FIRMAN ALLAH SUBHANAHU WA TA'ALA; "Wahai orang-orang yang beriman! Masuklah kalian ke dalam Islam secara keseluruhan, dan janganlah kalian mengikuti langkah-langkah syaithan, kerana sesungguhnya syaithan itu adalah musuh yang nyata bagi kalian." [TMQ AL-BAQARAH(2):208]

MASA ITU EMAS


UUD NEGARA KHILAFAH (PASAL 2)


Muqaddimah ad Dustur (UUD Negara Khilafah) Pasal 2 : Pengertian Negara Islam dan Negara Kafir

Pengantar

Telaah kitab kali ini membahas pasal kedua Masyrû’ Dustûr li ad-Dawlah al-Islâmiyyah yang berbunyi: Negara Islam adalah negara yang di dalamnya diterapkan hukum-hukum Islam dan keamanan negara tersebut berada di bawah keamanan Islam. Negara kafir adalah negara yang di dalamnya diterapkan hukum-hukum kufur dan keamanan negara tersebut berada di bawah keamanan bukan Islam.

Pasal di atas menunjukkan dengan sangat jelas, bahwa sebuah negara barulah absah disebut Negara Islam (Darul Islam) ketika telah memenuhi dua syarat: (1) hukum yang diterapkan di negara tersebut adalah hukum Islam; (2) kekuasaan (pemerintahan) di negara tersebut dikendalikan dan dipimpin sepenuhnya oleh kaum Muslim. Dengan demikian, pengkategorian Negara Islam atau negara kafir tidak didasarkan pada seberapa banyak jumlah penduduk Muslim atau kafir yang ada di negara tersebut, tetapi ditentukan oleh hukum yang diterapkan dan kekuasaan yang mengendalikan negara tersebut. Kategorisasi inilah yang dipilih dan dianggap paling râjih (kuat) oleh Hizbut Tahrir, setelah sebelumnya dilakukan pengkajian yang jernih dan mendalam terhadap realitas Negara Islam dan negara kafir pada masa Nabi saw. dan Khulafaur Rasyidin, juga setelah dilakukan penelitian dan tarjîh terhadap pendapat para ulama.

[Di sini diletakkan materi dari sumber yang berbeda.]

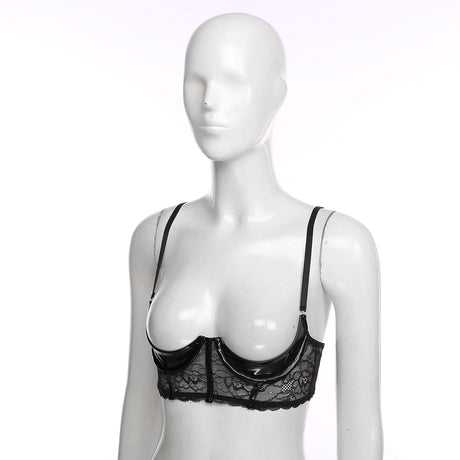 Womens Sexy Open Cup Underwired Bra Patent Leather See-through Floral Lace Brassiere Exposed Nipple Lingerie Underwear Nightwear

Dasar Argumentasi Pasal Kedua

Pertama: realitas negeri Makkah dan Madinah pasca hijrah. Sebelum hijrah ke Madinah, Makkah dan seluruh dunia adalah darul kufur. Setelah Nabi Muhammad saw. dan para Sahabatnya hijrah ke Madinah dan menegakkan Daulah Islamiyah di sana, maka terwujudlah Darul Islam pertama kali dalam sejarah kaum Muslim. Adapun Makkah dan negeri-negeri di sekitarnya tetap berstatus darul kufur.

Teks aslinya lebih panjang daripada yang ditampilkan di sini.